Sie traten vor das Tor und spähten in die Dunkelheit. Die nächste Straßenlaterne stand ein gutes Stück entfernt. Uri knipste seine Taschenlampe an und richtete den hellen Strahl in den Garten. Sie pressten die Gesichter gegen die Eisenstäbe und folgten mit ihren Blicken dem Lichtkegel, als er die einzelnen Ecken erhellte. Sie betrachteten alles. Waren wie verzaubert. Gut.
»Darf ich auch mal leuchten?«
Uri reichte Liam die Taschenlampe, der ihren Strahl ziellos umherschweifen ließ.

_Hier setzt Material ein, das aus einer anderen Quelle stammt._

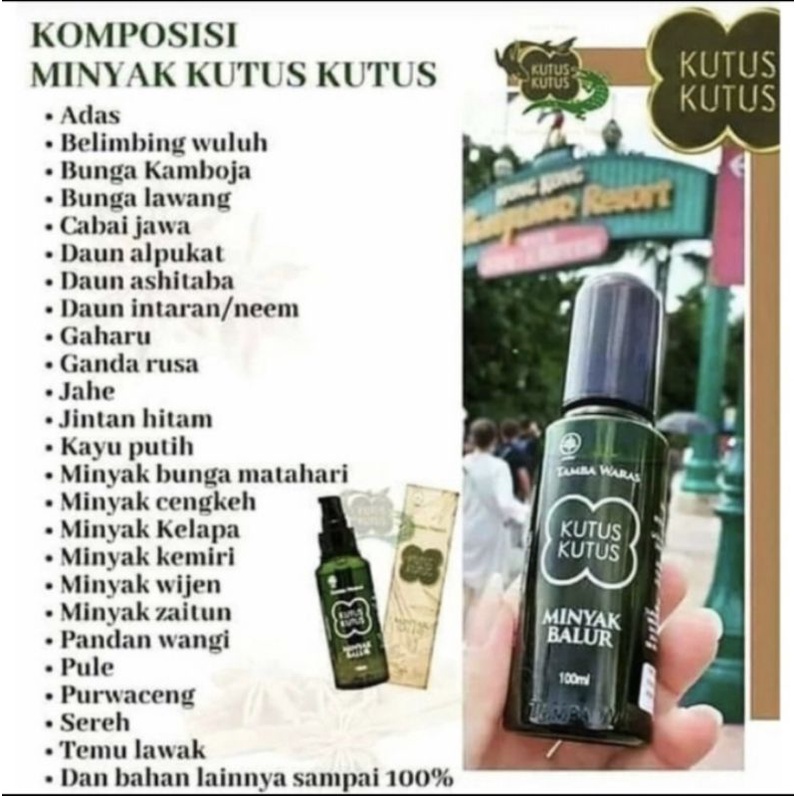 Minyak Balur Kutus-Kutus (ORIGINAL100%) | Shopee Malaysia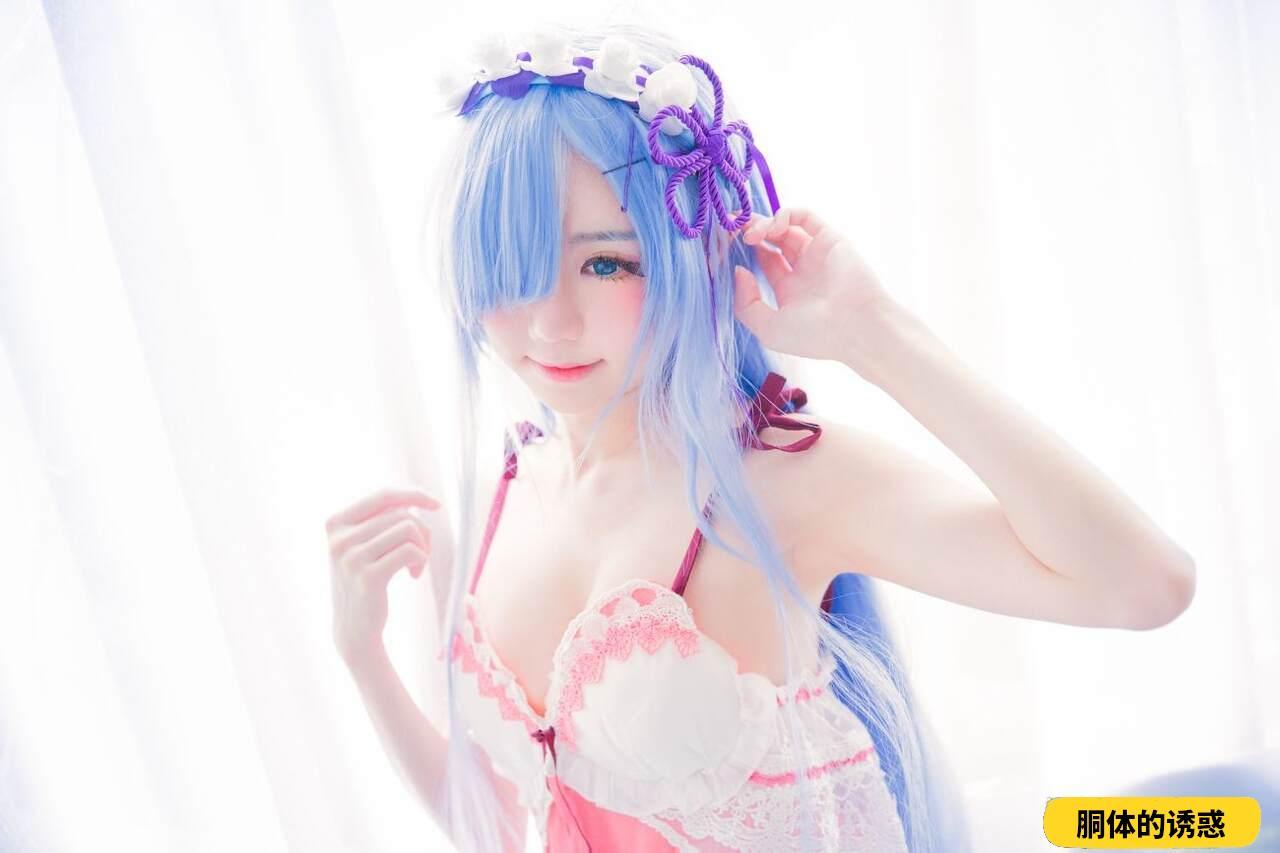 [Sally Dorasnow] Rem Sleep Wear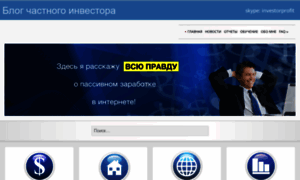 Investorprofit.ru thumbnail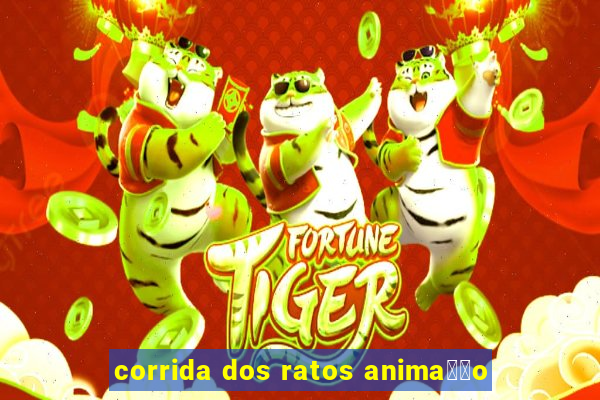 corrida dos ratos anima莽茫o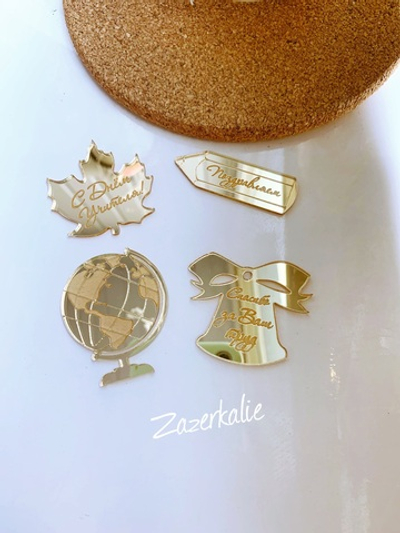 Набор «День учителя»  в наборе 4 шт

»Tja«, sagte Aoife schließlich, »was denkt ihr?«
»Ich bin dabei«, erklärte Uri.
»Ich auch«, meinte Emily.
Gut.
Gut.
Es geschah tatsächlich. Sie würde es tatsächlich tun. Sie und ihre Armee aus zwei Freiwilligen. Aus diesem Grund stand sie an einem regnerischen Dezembermorgen zum dritten Mal auf Mrs Prendergasts Schwelle. Ihre Finger hatten kaum den Messingklopfer berührt, als die Tür bereits aufging.

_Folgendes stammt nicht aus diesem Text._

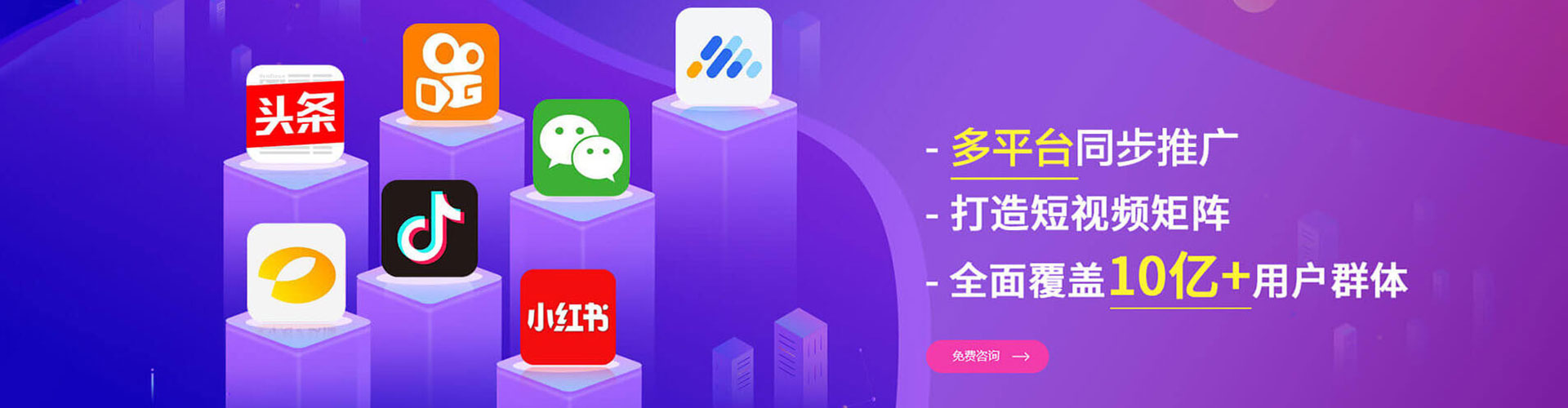 中沙群岛百度推广托管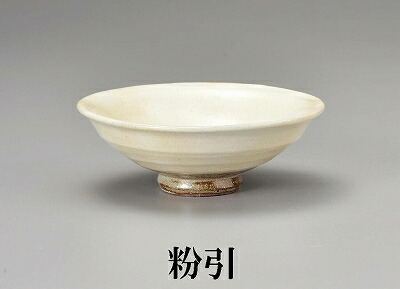 送料無料　古伊万里七草平茶碗　口径15ｃｍ 三陶 萬古焼 平茶碗 No.2 飴釉流し 16192 呉須錆十草 17277 流水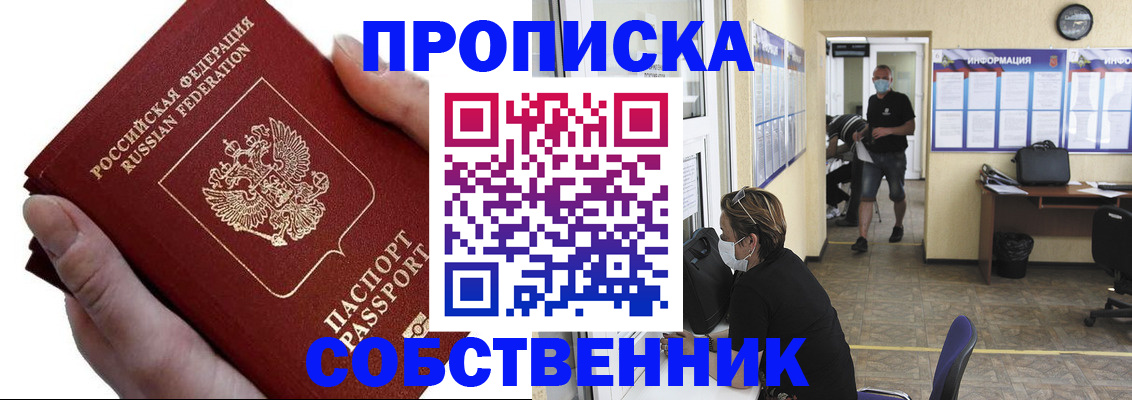 временная регистрация надежно в Красноперекопске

»Ich habe mich schon gefragt, wann Sie wieder auftauchen.«
Wie reizend.
»Guten Morgen, Mrs Prendergast. Ich bin hergekommen, um Ihnen zu sagen, dass ich Ihr Angebot annehme. Wir fangen gleich nach Weihnachten an.«
»Wir?«
»Ich und meine freiwilligen Helfer.«
»Viele?«
»Anfangs nur ein paar.«
»Also gut.« Sie machte Anstalten, die Tür zu schließen.
»Mrs Prendergast?«
»Was?«
»Ich brauche einen Schlüssel.«
Sie nickte und verschwand im Haus. Aoife hörte, wie sie eine Schublade aufzog und darin kramte. Wenig später kehrte sie mit einem großen, rostigen Schlüssel zurück. »Hier. Ich hatte ihn herausgesucht, für den Fall, dass Sie noch einmal kommen. Er ist für das Vorhängeschloss. Ich weiß aber nicht einmal, ob es sich überhaupt noch öffnen lässt.«
Sie reichte ihn Aoife mit einem eigentümlichen Blick, als wisse sie nicht recht, was sie von ihr halten sollte. Dann schloss sie die Tür.

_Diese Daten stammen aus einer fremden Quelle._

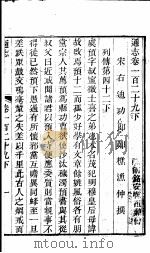 通志  第129卷  下（ PDF版）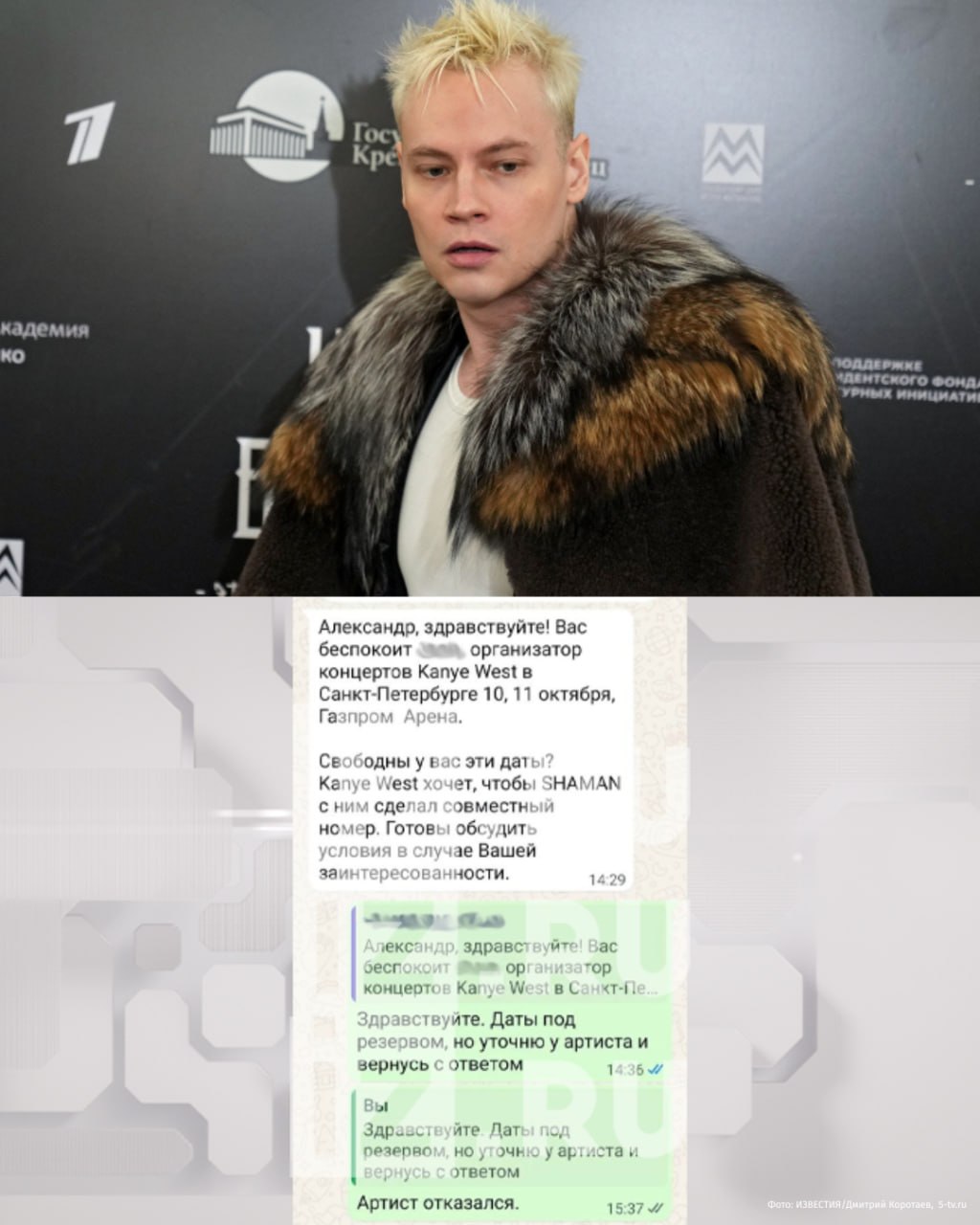 Канье Уэст на сцене в ярком свете софитов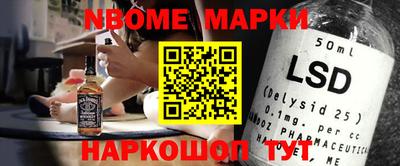 винт Ипатово
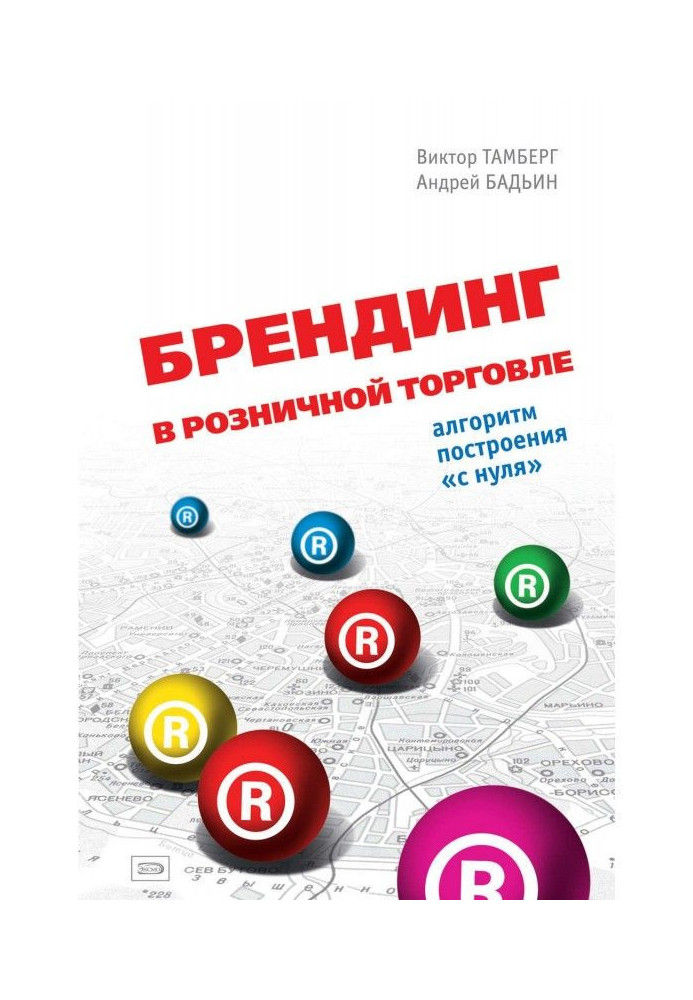 Брендинг в роздрібній торгівлі. Алгоритм побудови "з нуля"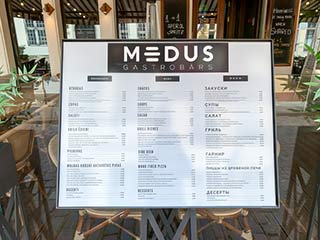 Riga Restaurant Cafe Menu Prices - TravelPriceWatch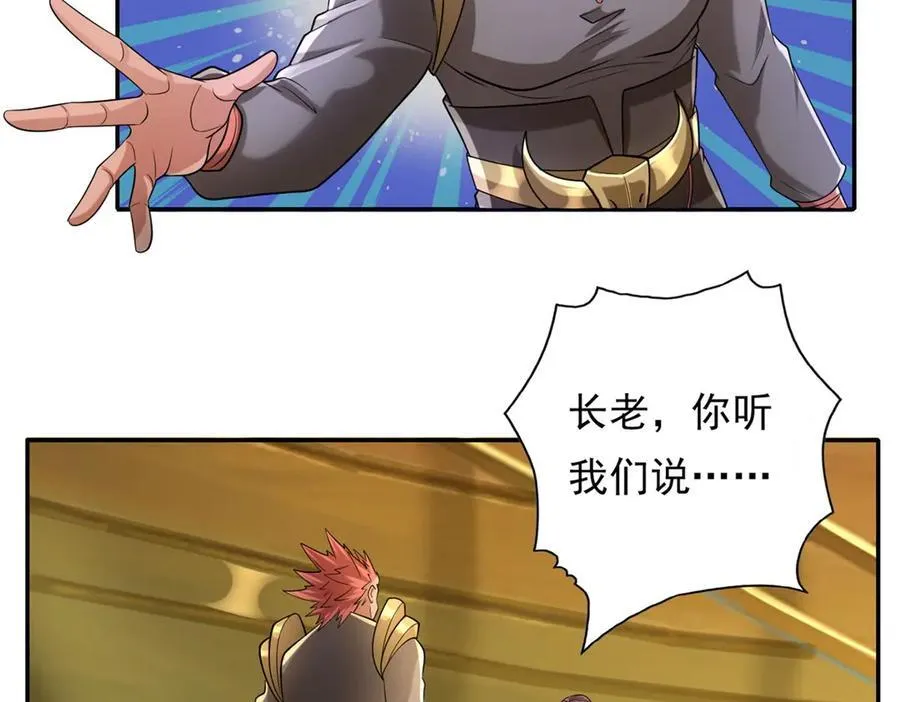 第164话 婆婆妈妈28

Auf dem Weg die Treppe hinunter spürte Aoife, wie Freude in ihr aufstieg. Am liebsten hätte sie laut gesungen. Mit federnden Schritten bog sie um die Ecke und schlug den Weg zum Tor ein. Der Schlüssel passte. Aber das war es auch schon. Sie zerrte und zog, fummelte und probierte. Nichts. Sie verfluchte ihre schwachen Frauenhände. Michael hätte das Schloss aufbekommen.
Verärgert über diesen Gedanken versuchte sie es noch einmal, diesmal mit mehr Entschlossenheit, wobei sie stöhnte wie ein Wimbledon-Spieler. Gerade als sie aufgeben wollte, spürte sie, wie das Metall nachgab. Wie etwas ineinandergriff. Ein leises Hochgefühl erfasste sie, als sich das Vorhängeschloss öffnete und ihr in die Hände fiel. Sie löste die Kette – einmal, zweimal, dreimal. Das Tor ging mit einem Quietschen auf, das eines Hitchcock-Films würdig gewesen wäre. Wann hatte es wohl jemand das letzte Mal geöffnet? Eilig trat sie hindurch und zog das Tor hinter sich zu.
Wie still es war. Beinahe unheimlich. Mit einem Mal fühlte sie sich völlig vom Rest der Welt abgeschnitten. Fern vom vorbeirauschenden Verkehr, von Passanten. Hier herrschte vollkommene Stille. Die Zeit schien stillzustehen. Seit vierzig Jahren unberührt. Vorsichtig trat sie in die Mitte des Gartens und fühlte sich, als würde sie jeden Moment unsichtbar. Sie beugte sich vor und berührte die Wasserlinsen auf dem Teich, unter denen eine trübe, dunkelgrüne Brühe zum Vorschein kam. Man konnte den Grund nicht erkennen. Aoife schätzte, dass er etwa dreißig Zentimeter tief sein musste, doch er hätte ebenso gut endlos sein können. Die Erde war aufgeweicht vom Regen, und es herrschte Windstille. Der Garten schien zu atmen, rings um sie, die Pflanzen schienen leise und unbemerkt zu wachsen.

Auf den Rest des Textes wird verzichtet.